_What to produce:_ Each word in the data below should be copied exactly; the images should not.

_Source material:_
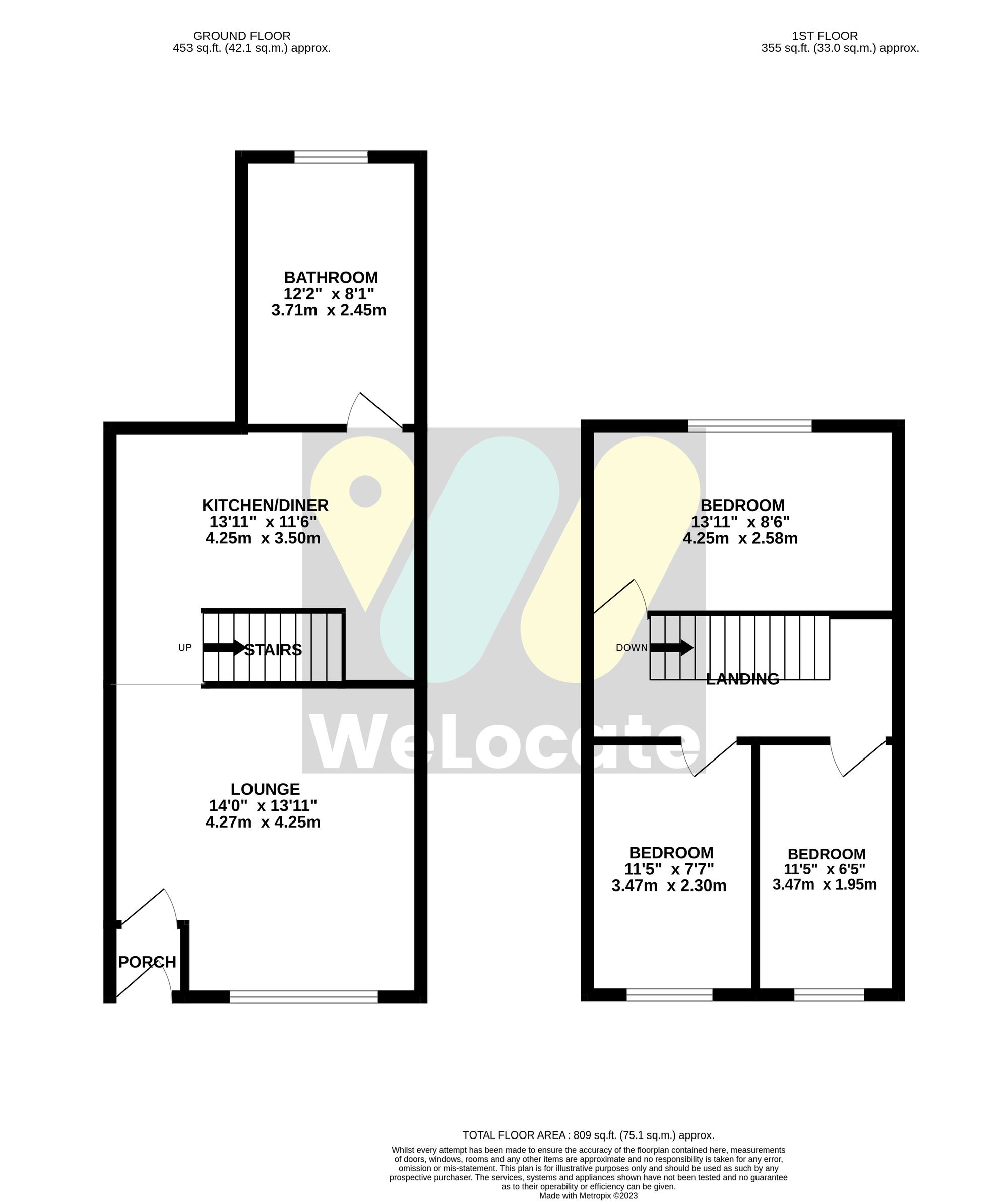 3 bed mid-terraced house to rent in Eton Hill Road, Manchester - Property Floorplan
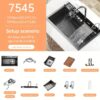 Évier inox noir multifonction avec robinet et accessoires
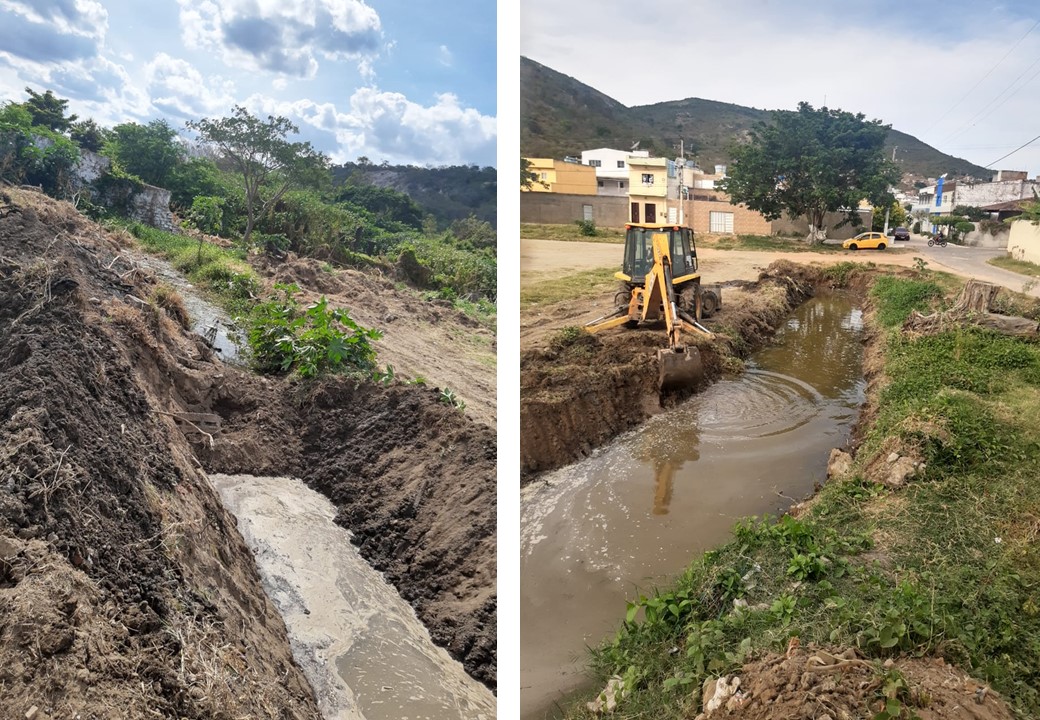 INFRAESTRUTURA E MEIO AMBIENTE REALIZAM AÇÕES EM PESQUEIRA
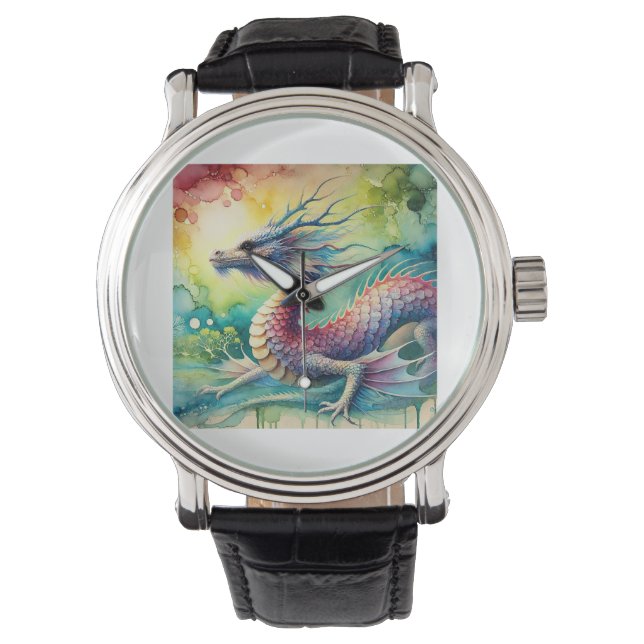 Sea Dragon 300724AREF124 - Watercolor Armbandsur (Framsida)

_Your solution:_
 3 bed mid-terraced house to rent in Eton Hill Road, Manchester - Property Floorplan
 Évier inox noir multifonction avec robinet et accessoires
 INFRAESTRUTURA E MEIO AMBIENTE REALIZAM AÇÕES EM PESQUEIRA
 Sea Dragon 300724AREF124 - Watercolor Armbandsur (Framsida)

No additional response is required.